Light Power plants make it extremely tough to do either. to get the fresh rods, you have to pull off the massive containment lid and remove all the rods which shuts the plant down. also its very easy for Nuclear inspectors to figure out if this has been done. Its extremely expensive.
If you want to use the spent fuel rods, because of normal water use, it creates a spent rod thats not efficient for creating bomb materials because of the addition or waste products and deuterium (sp?) in the spent rods it becomes extremely expensive and time consuming and you need a massive amount of spent fuel rods to create even one bomb.

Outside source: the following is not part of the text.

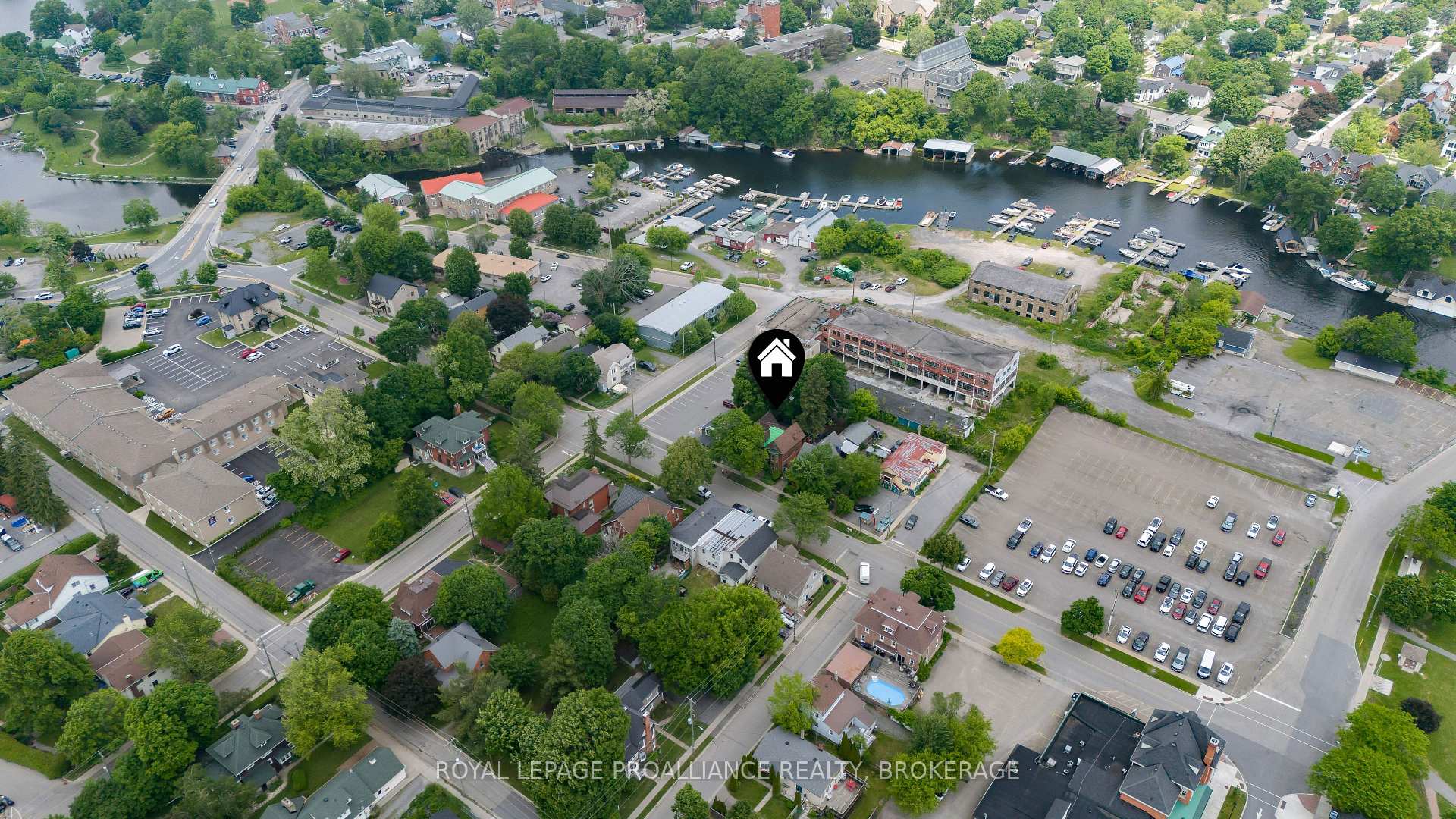 Photo 35 of 145 Main Street, Gananoque — HOMEH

In combination with North Korea opening up their reactors to inspectors and shutting down the rest of their bomb making facilities, it shouldn't have mattered that it was a light water plant because any attempt to use it to make bomb materials would have been picked up and reported by the UN inspectors.
This is about Kim tossing out the inspectors.
Plus the bomb materials didn't come from these reactors, from my understanding they mainly created the materials from either their own home built reactors that used heavy water or the Russian created research heavy water reactor that was built decades ago when the Russians and Chinese gave Kim bomb making designs.
The light water plants that the American's sent to Kim were put in place in the hopes that Kim would shut down his own reactors and used the new ones to generate power. It wasn't part of some scheme on the American's parts to furnish NK with bomb materials.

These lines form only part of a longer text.